When the crosswalk changed, the suit straddles its bike, thrusts their heel into the right peddle, and propels themselves forward by pushing the left foot off the ground. A trip causes glass to fall. Making way towards the office, the suits passes the frugal who bends over to collect loose bottles in a crate. The suit does not come back in this story.
The frugal is dedicated to recovering the escaped glass. It is valuable. They choose the bottles over the time it takes to regather the rolling glass. The owner is rushing up to the corner; they don’t give the frugal a second glance.
The crosswalk changes, tailpipes puff transparent clouds of CO into the city and exhausts rev into white noise. Keys jingle while the owner unlocks the door to their business on the corner. The wood slams shut. The frugal picks up their crate of glass bottles and continues towards the goal. The frugal does not come back in this story.
After the lights flick on, the owner raises the blinds revealing the mannequins of new mod. The outcast walks past the window and stops at the sight of high fashion. The owner pays no attention to the outcast outside and briskly moves throughout their daily duties. The owner does not come back in this story.

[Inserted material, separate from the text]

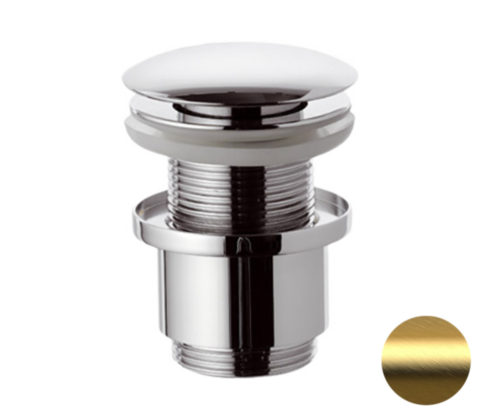 Remer 904CC2114BG Донный клапан без перелива, цвет: золото брашированное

The outcast pictures the clothes on their body, a perfect fit. They know it will never happen, but that’s the fantasy of the outcast. The norm mixed with an illusion of ideal.
Walking down to the corner, the friends take turns sipping coffees and prattling their words. They are on a completely different street than the outcast, one where people travel in their own bubbles of reality. The crosswalk flashes. The friends reach the sidewalk as the couple crosses at the opposing crosswalk. The friends do not come back in this story.
The outcast’s feet won’t move, but they gaze back at their passion through the glass. The couple nips through the intersection; the outcast takes no notice. Midst turning down the street, they stop abruptly, the romantic turns towards the building.
With their nose practically pressed against the barrier, the outcast sees the romantic drawing their companion’s hand to the building’s window around the corner. The romantic smiles and points inwards of the store. The companion is responsive. The couple disappears from the window; they do not come back in this story.
The bell chimes as the door creaks open. After some time, the bell rings, and the outcast remerges onto the street. They leave the corner with a smile on their face.
What Happened on the Corner? is abstract short fiction that will carry a different meaning for everyone.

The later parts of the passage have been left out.